By Jim Rowland
Originally rising from the ashes of Godspeed, New Jersey’s Solace celebrate their 30th anniversary this year with the release of their fifth studio album ‘Fading Failing Ruin’, their first in seven years. They’ve just completed their biggest run of gigs in those 30 years with a successful European tour including a prominent appearance at the Desertfest, so fans may already be familiar with one or two of the new tracks from what is a huge new chapter in the band’s career.
Solace like to mix up influences from metal old and new, particularly evident on the belting opener ‘Spiral Will’, which fuses a very Maiden-esque twin guitar motif with their trademark stoner metal vibe, a vibe that continues with the melodic and lengthy ‘Fettered To A Stone’. Most tracks here are on the lengthy side, aside from the heavy juggernaut of ‘A God Changes His Plans’ and the up-tempo heavy and grooving stormer ‘Culling the Herd’.

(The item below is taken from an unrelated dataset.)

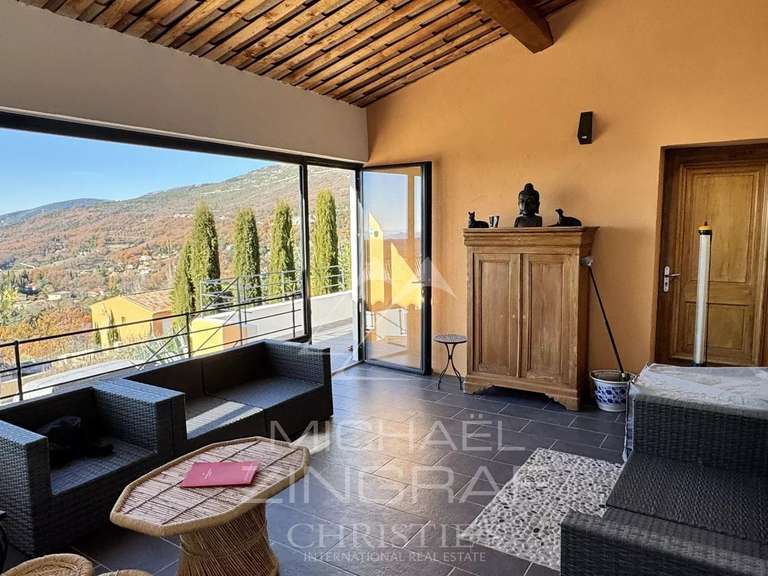 House Saint-Vallier-de-Thiey - 273m²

Central to the album is the epic 14+ minute ‘Wrath’s Object (The Big Fall)’, fusing lysergic atmospherics with crushing stoner/doom, and the 10+ minute album closer ‘Ridden’, upping the ante in stoner metal heaviness. Elsewhere, the complex rhythms, light and shade moods, and intricate guitar work lend a progressive flavour to ‘Malengine (The Scaffold)’ and ‘Beyond Below’ is a good marriage of doom and melody.
Indeed, amongst all the doom, stoner, sludge and metal heaviness, there is plenty of room for melody across the whole album thanks to relatively new recruit Justin Goins’ impressive vocal delivery.
Five albums in 30 years may not be considered prolific, but it’s the quality not the quantity that counts, and ‘Fading Failing Ruin’ is most definitely quality.
- ‘Fading Failing Ruin’ will be released on Friday (3 July).